[TO DO] Extract precisely the lines of the entries below, from the first line through the line containing "Photo of 2009 Nantucket Drive".

[THE DATA]
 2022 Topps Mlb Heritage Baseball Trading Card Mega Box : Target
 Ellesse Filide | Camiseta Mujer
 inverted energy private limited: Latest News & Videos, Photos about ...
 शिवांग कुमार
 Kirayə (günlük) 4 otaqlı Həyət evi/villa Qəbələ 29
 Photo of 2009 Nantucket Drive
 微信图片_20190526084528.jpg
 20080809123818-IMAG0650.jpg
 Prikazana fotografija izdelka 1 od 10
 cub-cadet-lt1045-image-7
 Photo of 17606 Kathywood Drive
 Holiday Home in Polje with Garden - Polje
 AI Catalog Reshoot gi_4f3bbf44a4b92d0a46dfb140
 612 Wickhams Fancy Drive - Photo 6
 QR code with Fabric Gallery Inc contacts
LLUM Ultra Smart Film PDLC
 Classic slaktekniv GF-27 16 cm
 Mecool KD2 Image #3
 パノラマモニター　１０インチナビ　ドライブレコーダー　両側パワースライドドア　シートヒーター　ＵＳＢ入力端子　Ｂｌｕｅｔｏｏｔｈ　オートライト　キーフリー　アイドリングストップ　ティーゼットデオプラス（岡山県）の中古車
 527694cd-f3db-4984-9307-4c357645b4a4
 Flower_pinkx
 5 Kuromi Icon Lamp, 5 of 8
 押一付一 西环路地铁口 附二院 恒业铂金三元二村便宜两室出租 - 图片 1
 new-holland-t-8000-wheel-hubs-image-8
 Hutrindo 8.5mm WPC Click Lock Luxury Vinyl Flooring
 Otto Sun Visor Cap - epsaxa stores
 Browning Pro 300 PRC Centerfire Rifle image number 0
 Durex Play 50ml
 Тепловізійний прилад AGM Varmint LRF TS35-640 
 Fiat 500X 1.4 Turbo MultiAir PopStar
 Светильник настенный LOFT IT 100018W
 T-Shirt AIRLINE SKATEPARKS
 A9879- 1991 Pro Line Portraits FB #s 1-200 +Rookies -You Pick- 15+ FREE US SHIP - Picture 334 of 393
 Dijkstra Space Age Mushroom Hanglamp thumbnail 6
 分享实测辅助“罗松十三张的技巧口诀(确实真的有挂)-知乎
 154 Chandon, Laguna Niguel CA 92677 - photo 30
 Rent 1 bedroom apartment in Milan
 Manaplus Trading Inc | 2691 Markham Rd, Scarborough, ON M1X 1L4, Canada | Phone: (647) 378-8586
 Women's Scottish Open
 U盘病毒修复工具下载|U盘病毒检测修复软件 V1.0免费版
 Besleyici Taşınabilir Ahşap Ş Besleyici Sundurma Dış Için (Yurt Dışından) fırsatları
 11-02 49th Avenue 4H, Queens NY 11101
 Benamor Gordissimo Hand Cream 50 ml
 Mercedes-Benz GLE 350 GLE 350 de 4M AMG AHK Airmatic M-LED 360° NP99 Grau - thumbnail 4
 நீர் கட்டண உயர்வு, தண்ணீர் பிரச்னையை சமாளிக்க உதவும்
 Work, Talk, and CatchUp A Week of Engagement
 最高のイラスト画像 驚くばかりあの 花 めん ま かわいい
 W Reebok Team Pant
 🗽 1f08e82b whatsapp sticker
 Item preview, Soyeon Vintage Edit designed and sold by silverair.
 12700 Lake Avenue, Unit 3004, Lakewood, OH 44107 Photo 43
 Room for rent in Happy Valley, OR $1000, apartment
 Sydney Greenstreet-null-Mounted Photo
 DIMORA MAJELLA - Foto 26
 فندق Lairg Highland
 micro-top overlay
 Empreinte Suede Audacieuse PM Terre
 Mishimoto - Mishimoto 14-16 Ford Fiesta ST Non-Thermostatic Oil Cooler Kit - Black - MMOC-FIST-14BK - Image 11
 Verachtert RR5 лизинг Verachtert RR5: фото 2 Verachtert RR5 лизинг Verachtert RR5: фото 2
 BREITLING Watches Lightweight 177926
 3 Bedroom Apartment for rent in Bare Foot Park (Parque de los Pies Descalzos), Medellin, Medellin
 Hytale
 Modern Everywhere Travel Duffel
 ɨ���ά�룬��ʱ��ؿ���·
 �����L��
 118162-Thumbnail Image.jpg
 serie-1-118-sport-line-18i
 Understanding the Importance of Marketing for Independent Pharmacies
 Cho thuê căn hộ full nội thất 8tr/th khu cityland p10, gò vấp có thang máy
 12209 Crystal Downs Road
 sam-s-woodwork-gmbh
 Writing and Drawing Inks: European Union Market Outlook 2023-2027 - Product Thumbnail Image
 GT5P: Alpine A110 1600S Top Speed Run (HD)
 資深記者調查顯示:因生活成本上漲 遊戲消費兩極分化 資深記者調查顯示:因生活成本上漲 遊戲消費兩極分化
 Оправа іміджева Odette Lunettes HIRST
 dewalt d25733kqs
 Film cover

[EXPECTED ANSWER]
 2022 Topps Mlb Heritage Baseball Trading Card Mega Box : Target
 Ellesse Filide | Camiseta Mujer
 inverted energy private limited: Latest News & Videos, Photos about ...
 शिवांग कुमार
 Kirayə (günlük) 4 otaqlı Həyət evi/villa Qəbələ 29
 Photo of 2009 Nantucket Drive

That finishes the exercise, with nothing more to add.